Hadoop enthusiasts say this is an important feature to let more applications run within the big data open system and could lead to a wave of new analytics apps for Hadoop. "Yarn is on the critical path to Hadoop having better resource management and supporting mixed workloads and usages," says Gartner information management analyst Merv Adrian, who tracks Hadoop. "It fixes some major gaps and will enable some exciting developments in the years ahead."
[ MORE OPEN SOURCE: Stack Wars: OpenStack vs. CloudStack vs. Eucalyptus ]

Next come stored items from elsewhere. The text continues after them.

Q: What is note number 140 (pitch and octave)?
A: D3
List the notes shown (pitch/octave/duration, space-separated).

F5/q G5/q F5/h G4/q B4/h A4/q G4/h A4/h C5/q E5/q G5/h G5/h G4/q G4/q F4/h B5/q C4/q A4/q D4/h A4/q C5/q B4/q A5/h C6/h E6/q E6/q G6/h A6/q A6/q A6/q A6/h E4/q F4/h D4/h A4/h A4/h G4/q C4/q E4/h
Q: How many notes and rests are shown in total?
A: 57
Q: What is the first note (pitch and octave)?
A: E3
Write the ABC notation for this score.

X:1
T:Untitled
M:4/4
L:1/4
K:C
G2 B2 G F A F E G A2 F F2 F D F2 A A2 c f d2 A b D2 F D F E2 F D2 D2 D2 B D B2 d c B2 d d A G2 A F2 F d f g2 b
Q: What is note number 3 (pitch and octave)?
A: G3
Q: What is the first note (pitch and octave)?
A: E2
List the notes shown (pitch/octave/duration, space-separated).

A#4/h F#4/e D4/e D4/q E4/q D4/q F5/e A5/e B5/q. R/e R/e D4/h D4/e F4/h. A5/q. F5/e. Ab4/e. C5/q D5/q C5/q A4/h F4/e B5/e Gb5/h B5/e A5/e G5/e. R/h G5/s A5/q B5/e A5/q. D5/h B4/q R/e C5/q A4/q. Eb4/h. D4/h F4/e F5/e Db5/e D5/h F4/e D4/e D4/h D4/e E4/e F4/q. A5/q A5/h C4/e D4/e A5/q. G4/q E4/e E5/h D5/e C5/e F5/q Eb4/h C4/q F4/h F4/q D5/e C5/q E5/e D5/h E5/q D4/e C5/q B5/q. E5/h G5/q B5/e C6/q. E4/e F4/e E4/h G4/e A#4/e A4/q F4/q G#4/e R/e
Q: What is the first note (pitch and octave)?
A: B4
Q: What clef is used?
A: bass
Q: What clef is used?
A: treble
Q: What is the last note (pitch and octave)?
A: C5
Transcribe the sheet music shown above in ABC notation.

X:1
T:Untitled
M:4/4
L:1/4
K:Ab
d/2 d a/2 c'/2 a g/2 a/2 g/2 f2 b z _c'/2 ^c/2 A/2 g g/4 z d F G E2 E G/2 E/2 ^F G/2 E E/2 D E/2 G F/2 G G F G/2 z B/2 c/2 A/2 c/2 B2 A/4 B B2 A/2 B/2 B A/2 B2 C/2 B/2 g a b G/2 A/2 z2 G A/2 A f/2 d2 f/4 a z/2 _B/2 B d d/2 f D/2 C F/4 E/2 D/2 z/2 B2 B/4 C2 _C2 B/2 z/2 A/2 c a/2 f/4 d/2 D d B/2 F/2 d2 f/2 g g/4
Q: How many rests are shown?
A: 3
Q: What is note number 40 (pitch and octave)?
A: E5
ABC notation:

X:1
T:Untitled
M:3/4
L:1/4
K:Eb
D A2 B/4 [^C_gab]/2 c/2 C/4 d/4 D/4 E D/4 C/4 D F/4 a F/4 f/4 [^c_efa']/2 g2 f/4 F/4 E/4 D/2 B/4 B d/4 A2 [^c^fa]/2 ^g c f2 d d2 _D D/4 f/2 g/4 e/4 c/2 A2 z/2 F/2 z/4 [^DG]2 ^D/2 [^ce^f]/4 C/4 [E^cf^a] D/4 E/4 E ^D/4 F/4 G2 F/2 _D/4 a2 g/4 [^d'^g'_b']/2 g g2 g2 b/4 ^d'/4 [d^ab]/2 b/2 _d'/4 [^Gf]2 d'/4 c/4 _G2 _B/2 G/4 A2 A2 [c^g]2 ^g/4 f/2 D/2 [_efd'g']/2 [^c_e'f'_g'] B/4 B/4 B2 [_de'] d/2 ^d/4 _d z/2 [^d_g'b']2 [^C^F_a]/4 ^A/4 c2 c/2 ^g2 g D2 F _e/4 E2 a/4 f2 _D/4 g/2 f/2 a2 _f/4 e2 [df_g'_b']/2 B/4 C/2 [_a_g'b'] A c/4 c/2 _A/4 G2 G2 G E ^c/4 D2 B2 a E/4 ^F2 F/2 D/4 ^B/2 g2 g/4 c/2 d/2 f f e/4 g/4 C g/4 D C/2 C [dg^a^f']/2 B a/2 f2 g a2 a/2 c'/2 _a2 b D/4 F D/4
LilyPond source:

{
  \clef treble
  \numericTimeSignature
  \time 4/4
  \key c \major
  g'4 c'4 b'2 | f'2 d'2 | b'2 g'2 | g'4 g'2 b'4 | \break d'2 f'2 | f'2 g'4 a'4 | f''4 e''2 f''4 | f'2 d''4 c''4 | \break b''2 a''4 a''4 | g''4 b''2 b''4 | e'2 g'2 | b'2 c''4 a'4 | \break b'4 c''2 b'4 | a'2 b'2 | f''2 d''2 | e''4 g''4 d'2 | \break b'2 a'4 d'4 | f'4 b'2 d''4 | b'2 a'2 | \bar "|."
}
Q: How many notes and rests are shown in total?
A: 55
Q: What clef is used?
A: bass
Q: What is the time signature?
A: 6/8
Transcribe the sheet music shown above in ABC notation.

The 2.0 version adds a number of components, including architecting for high availability, and adding scale to individual clusters, allowing them to grow to 4,000 machines (a Hadoop deployment can consist of multiple clusters). The biggest change though is the addition of Yarn, which has been in planning for four years and under development for two and been described by some as a next-generation MapReduce architecture.
Yarn splits up two major functions currently combined into one by MapReduce; it separates job scheduling/monitoring and resource management. It works by monitoring what resources applications need, then creates containers of CPU and RAM nodes to serve to those apps. "Yarn is fundamentally simple, but extremely scalable," says Arun Murthy, co-founder of Hadoop distribution company Hortonworks, who has been in charge of developing Yarn within the Apache open source community. Blogger Brian Proffitt at ReadWrite notes that Yarn removes "one-at-a-time" limitations of apps running on Hadoop, and allows the Hadoop systems to now run multiple applications at once.
The advantages are multifold. For one, Hadoop is adding functionally to run multiple applications at once. Second, developers can now write apps to Yarn specifications and be assured that they'll work in a Hadoop system. MapReduce can also now focus on its core functionality instead of managing resources for bolt-on apps.
Hadoop backers expect that the advent of Yarn could open the floodgates for new applications being built to run on Hadoop. Already some projects, like Apache Tez, have been created to do more advanced data processing compared to what MapReduce specializes in. Tez uses real-time analytics and in-memory processing for higher-speed queries, for example. There are many more applications expected for streaming analytics. Twitter Storm is one, while other ETL (extract, transform and load) apps could be integrated as well.
Technically engineers could architect the system to allow for additional functionality for analysis on top of MapReduce, but now Yarn acts as a platform for hosting apps for that specific purpose. Some believe Yarn could be the base-level framework for a platform as a service (PaaS) running on Hadoop that could compete with the likes of VMware's open source Cloud Foundry PaaS.
Apache Hadoop 2.0 is expected to be declared stable enough for a beta release at some point this week, with a general availability release expected in the coming weeks after that, Murthy says. Some of Hadoop's earliest adopters, like Yahoo, have already tested Yarn and companies that create commercial distributions of the code are expected to integrate Yarn into their offerings as well. Hortonworks, for example, hopes to have Yarn functionality in its Hadoop distribution by mid to late summer.
So does 2.0, and specifically Yarn, represent Hadoop growing up? "Absolutely," says Adrian, the Gartner analyst. "But mainstream organizations need to rely on the commercial distributor for anything they expect to put into serious production use." Companies like Hortonworks, Cloudera, MapR and even IBM all have commercial distributions of the code. While the project may be growing up, Adrian notes it's still in its "early adolescence," he notes. The addition of Yarn could go a long way to supporting a budding industry of creating applications that run on Hadoop, though.